• _DATA BELOW_:
▬▬▬
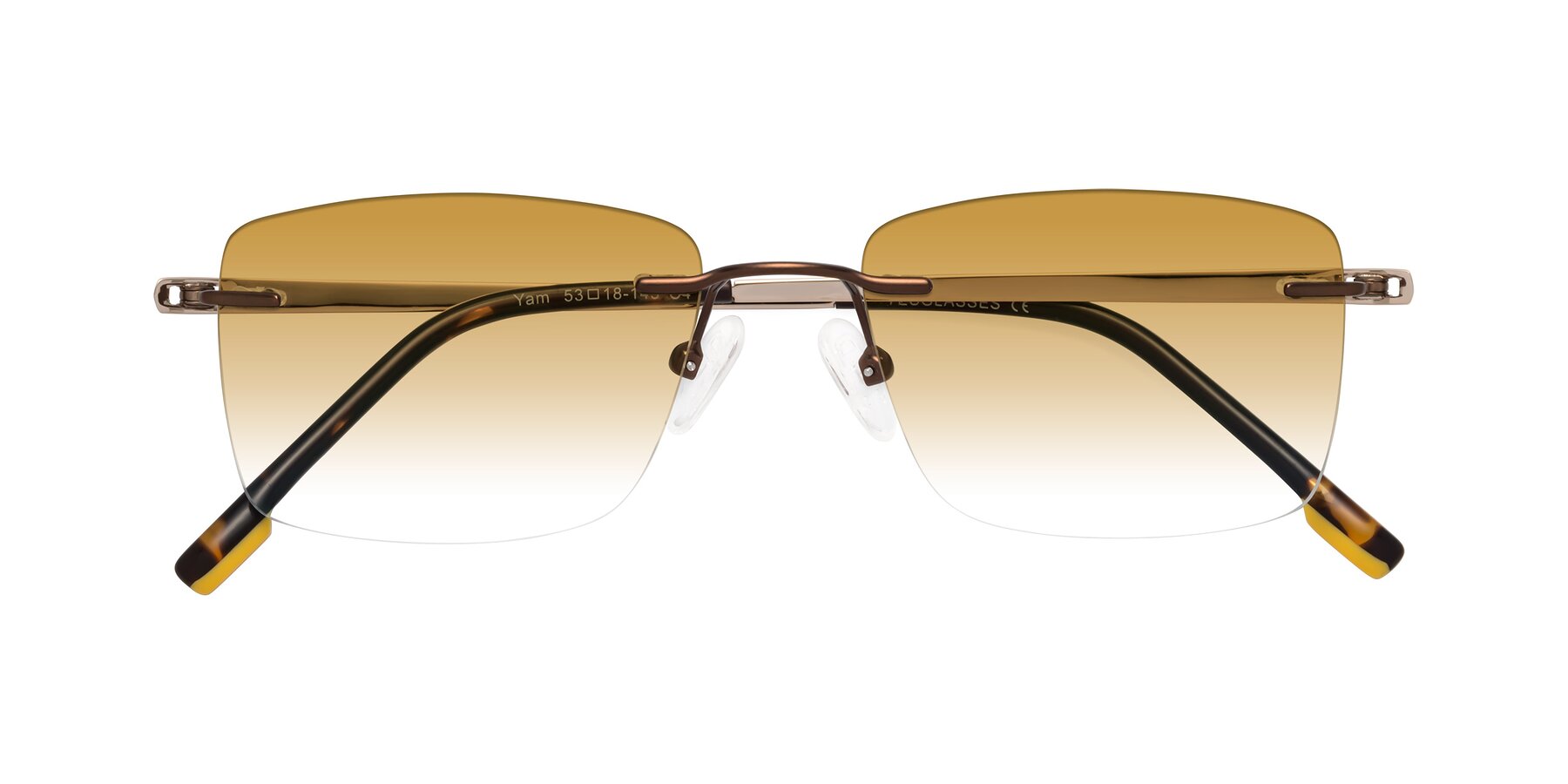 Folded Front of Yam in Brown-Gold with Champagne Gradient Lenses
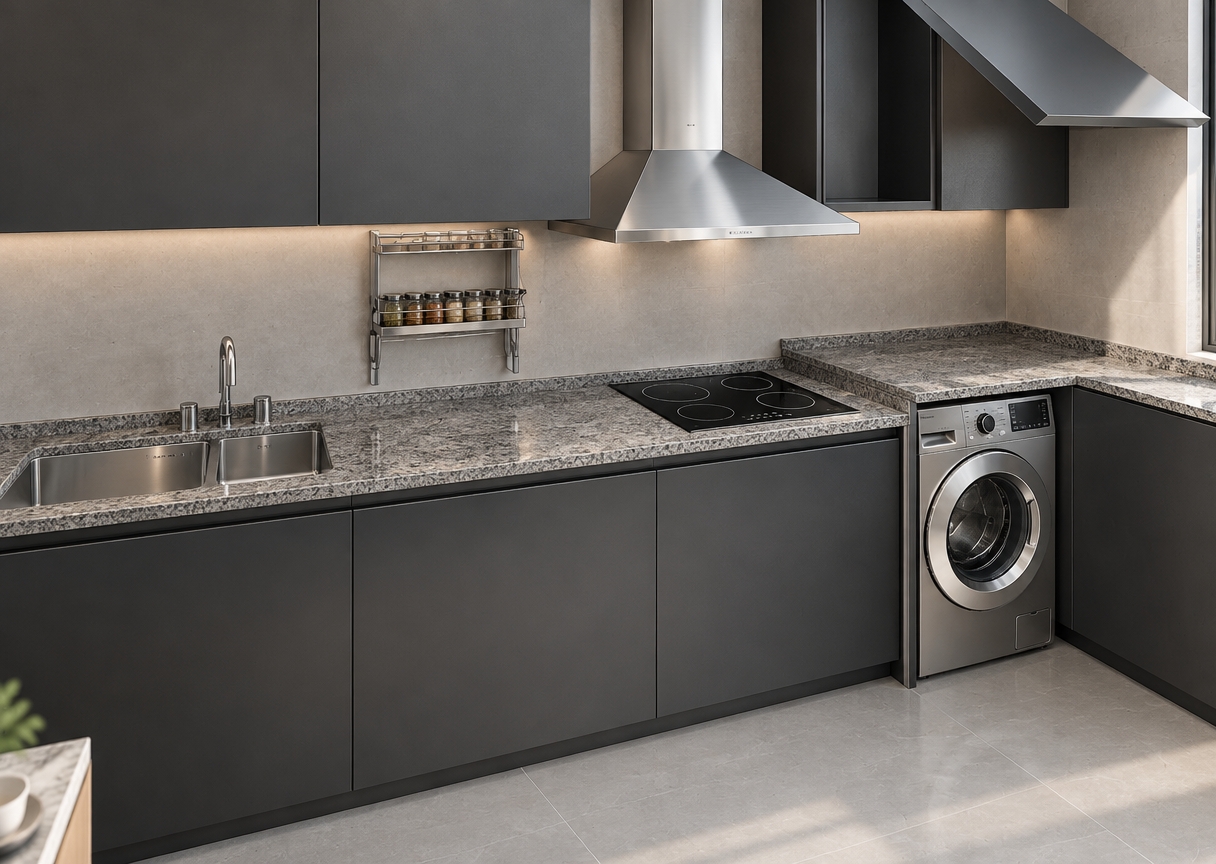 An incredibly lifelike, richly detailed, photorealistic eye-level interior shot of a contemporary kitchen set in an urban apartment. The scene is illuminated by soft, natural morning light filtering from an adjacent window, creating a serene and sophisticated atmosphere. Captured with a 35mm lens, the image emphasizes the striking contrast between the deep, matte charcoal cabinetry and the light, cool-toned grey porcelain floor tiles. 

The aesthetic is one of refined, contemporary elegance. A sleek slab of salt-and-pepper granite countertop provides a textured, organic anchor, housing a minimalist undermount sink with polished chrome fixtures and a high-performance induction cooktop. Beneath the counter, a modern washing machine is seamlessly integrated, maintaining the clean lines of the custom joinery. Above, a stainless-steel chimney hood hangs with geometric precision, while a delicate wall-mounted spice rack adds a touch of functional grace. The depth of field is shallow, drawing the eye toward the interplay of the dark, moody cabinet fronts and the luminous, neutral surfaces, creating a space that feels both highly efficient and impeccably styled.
▬▬▬
• _EXERCISE INSTRUCTIONS_: Everything in the material above must be repeated exactly, apart from its pictures.

• _SOLUTION FOR THIS TASK_:
 Folded Front of Yam in Brown-Gold with Champagne Gradient Lenses
 An incredibly lifelike, richly detailed, photorealistic eye-level interior shot of a contemporary kitchen set in an urban apartment. The scene is illuminated by soft, natural morning light filtering from an adjacent window, creating a serene and sophisticated atmosphere. Captured with a 35mm lens, the image emphasizes the striking contrast between the deep, matte charcoal cabinetry and the light, cool-toned grey porcelain floor tiles. 

The aesthetic is one of refined, contemporary elegance. A sleek slab of salt-and-pepper granite countertop provides a textured, organic anchor, housing a minimalist undermount sink with polished chrome fixtures and a high-performance induction cooktop. Beneath the counter, a modern washing machine is seamlessly integrated, maintaining the clean lines of the custom joinery. Above, a stainless-steel chimney hood hangs with geometric precision, while a delicate wall-mounted spice rack adds a touch of functional grace. The depth of field is shallow, drawing the eye toward the interplay of the dark, moody cabinet fronts and the luminous, neutral surfaces, creating a space that feels both highly efficient and impeccably styled.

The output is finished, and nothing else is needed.